> DIRECTIONS
Two lines mark the range in the entries below: the one holding "In this video I'm" and the one holding "me right from". Set down those two and all lines between them, exactly.
**** DATA RECORDS ****
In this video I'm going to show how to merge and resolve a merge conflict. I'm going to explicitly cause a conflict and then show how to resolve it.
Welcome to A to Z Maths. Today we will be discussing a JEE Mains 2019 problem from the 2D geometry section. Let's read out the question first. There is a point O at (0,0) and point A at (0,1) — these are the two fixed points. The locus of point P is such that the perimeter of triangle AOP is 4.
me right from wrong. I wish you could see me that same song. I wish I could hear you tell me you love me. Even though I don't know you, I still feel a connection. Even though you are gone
****
**** DATA RECORDS ****
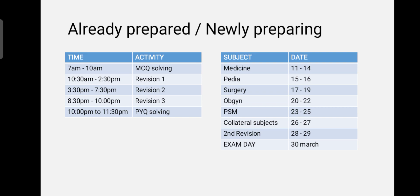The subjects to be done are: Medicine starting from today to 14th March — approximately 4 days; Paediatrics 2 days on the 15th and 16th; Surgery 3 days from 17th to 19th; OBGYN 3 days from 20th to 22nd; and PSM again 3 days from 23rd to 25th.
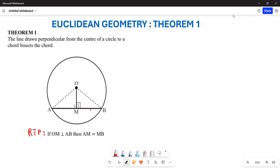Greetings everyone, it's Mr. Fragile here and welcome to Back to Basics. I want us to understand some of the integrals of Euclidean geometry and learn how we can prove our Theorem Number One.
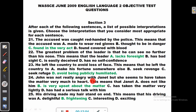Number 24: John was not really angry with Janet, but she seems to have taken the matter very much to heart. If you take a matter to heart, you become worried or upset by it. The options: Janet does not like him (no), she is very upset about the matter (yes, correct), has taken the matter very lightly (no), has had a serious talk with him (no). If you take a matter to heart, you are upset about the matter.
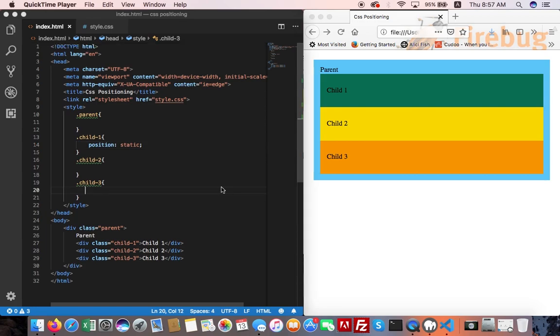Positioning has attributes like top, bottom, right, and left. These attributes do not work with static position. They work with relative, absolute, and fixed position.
****
**** DATA RECORDS ****
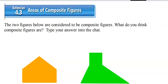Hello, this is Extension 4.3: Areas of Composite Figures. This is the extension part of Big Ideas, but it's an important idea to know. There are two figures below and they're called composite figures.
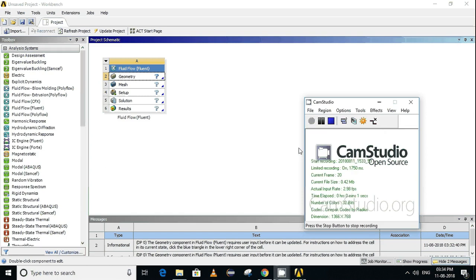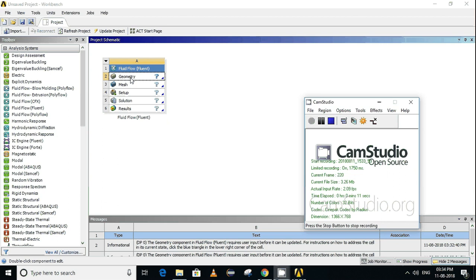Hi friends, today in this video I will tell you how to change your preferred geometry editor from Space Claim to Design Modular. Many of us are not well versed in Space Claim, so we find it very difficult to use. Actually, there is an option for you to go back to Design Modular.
****
> TASK SOLUTION
In this video I'm going to show how to merge and resolve a merge conflict. I'm going to explicitly cause a conflict and then show how to resolve it.
Welcome to A to Z Maths. Today we will be discussing a JEE Mains 2019 problem from the 2D geometry section. Let's read out the question first. There is a point O at (0,0) and point A at (0,1) — these are the two fixed points. The locus of point P is such that the perimeter of triangle AOP is 4.
me right from wrong. I wish you could see me that same song. I wish I could hear you tell me you love me. Even though I don't know you, I still feel a connection. Even though you are gone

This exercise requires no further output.